I initially planned to set the dozens of little pots in disposable roasting pans in the garage. I overwintered potted trees in this manner last year. I was worried, though, that I wouldn’t give them adequate water and that the garage may get too cold for such tiny pots. The ideal solution would be to sink the pots in some unused garden space and mulch with leaves, but I didn’t have any empty space.

When I decided to rip out all the plantings in the garage bed in order to grow vegetables next year, I not only freed up garden space, I freed up garden space with well worked topsoil. (A previous owner removed the native clay and filled it with a loamy mix.) It was a piece of cake to “plant” my little pots in the earth. Believe it or not, I ran out of room before I finished! My less desirable plants will be overwintering in the pit of despair.

With at least one hundred little perennials awaiting a home, you would think that I wouldn’t have dozens of new seeds to sow this winter, but I do. What can I say? I’m a plantaholic. At least I’m in good company.
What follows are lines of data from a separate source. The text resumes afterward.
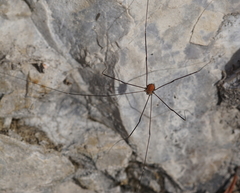 Leiobunum limbatum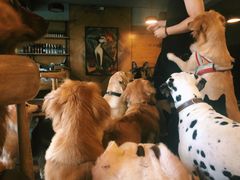 -萌喵咖啡屋(人民东路4号口M16商铺店)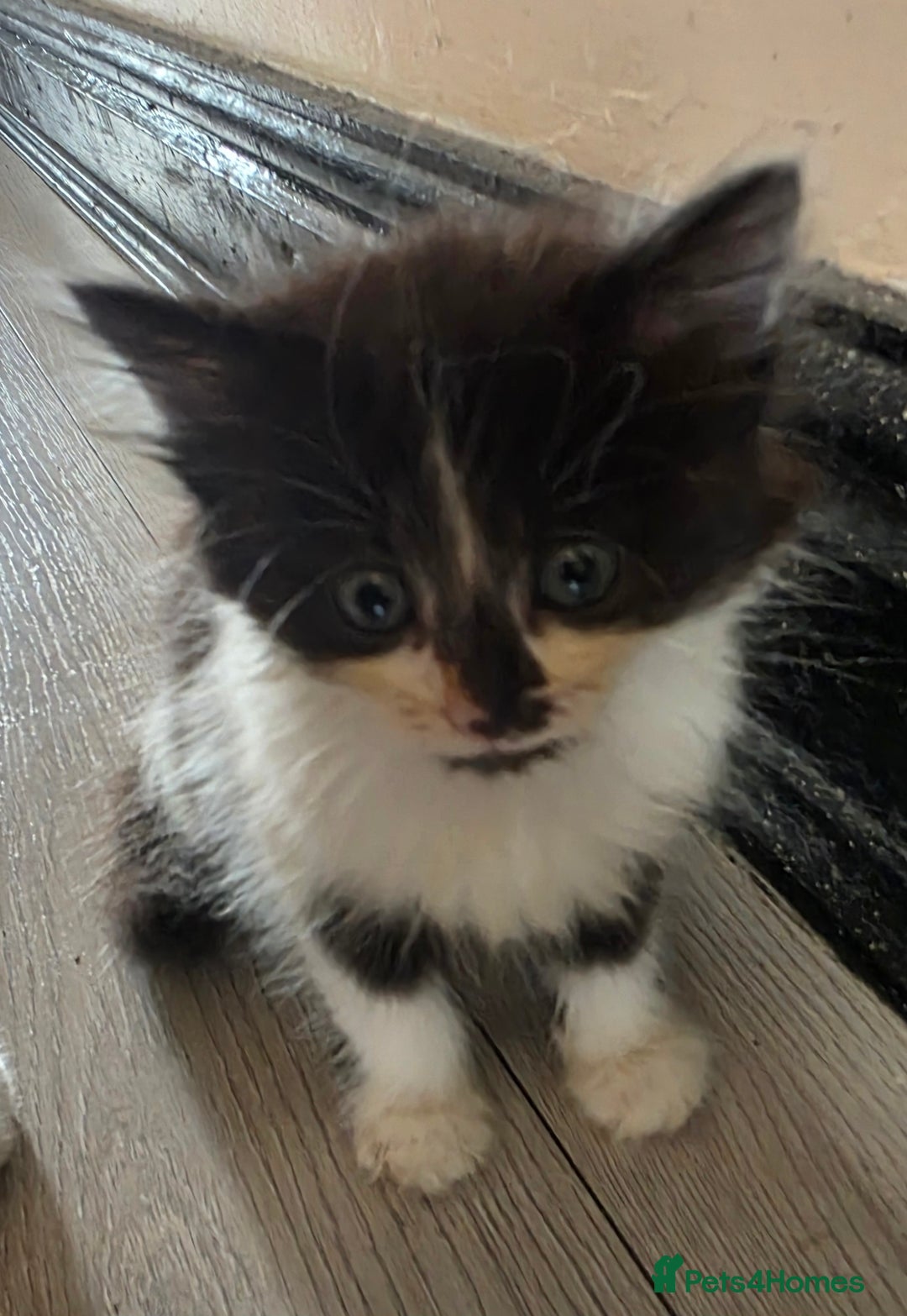 Mixed Breed cats for sale: Beautiful Calico Kittens - Image 19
Thursday, November 02, 2006

Gardening Commandment #2?

I’m a neat and tidy sort of person. My Marines used to move my desktop items around when I stepped out of the office just to giggle at me readjusting them mere centimeters back to their proper places when I returned. I initially applied my orderly attitude to gardening. I’ve already discussed how unappealing planting in straight lines turned out to be. I also took a rather anal approach to plant groupings. I would plant them in a straight line, alternating varieties, creating orderly patterns of two or three. The results were not categorically ridiculous, but the patterns usually looked quite artificial.

For instance, in my sunset bed, I initially planted six plants along the edge: two each of cardinal lobelia, red daylilies, and goblin gaillardia. Let’s forget for a moment that the cardinal lobelia abhor a dry, northwestern exposure and I had to move them and that the gaillardia fried to death in a few short months. Had all the plants lived, the result would have been much more appropriate to an amusement park planting than a cottage garden. The pattern, rather than the overall effect, becomes the focus. Planting in 3’s is recommended, but that doesn’t mean to plant in patterns of three.

My experiences with patterns of two have been better. Along the front walk, I’ve planted lamb’s ear alternating with East Friesland sage. Although the lamb’s ear needs twice yearly, savage pruning to keep it from consuming the sage, the result is pleasing. The orderliness nicely balances the wild jungle of flowers in the rest of the bed. I’ve also seen nice results with patterns of two in other people’s yards and at Friendship Park.

Generally, though, I try to avoid patterns of even two, now. The result is formal, even a bit military, and that’s not my style (any more). In fact, I try to steer other people away from it as well. I think it is most tempting to create patterns when you are torn between two or more different plants or varieties. You think, “Well, since I can’t decide, I’ll just get an equal number of each and alternate them!” Don’t do it! If you’re planting in a line (hedge or edging), choose one variety only or choose many and don’t plant them in a discernible pattern (mixed hedges). If you aren’t planting in a line, go ahead and get both plants, but plant them each in their own little blobs (drifts, if you will).

Straight lines and patterns look great in the gardens of Versailles, but they just appear unimaginative and uptight in anything smaller. I guess my Second Gardening Commandment would be to Avoid Planting in Patterns. Unless you’re growing a living chessboard or something. That would be kind of cool.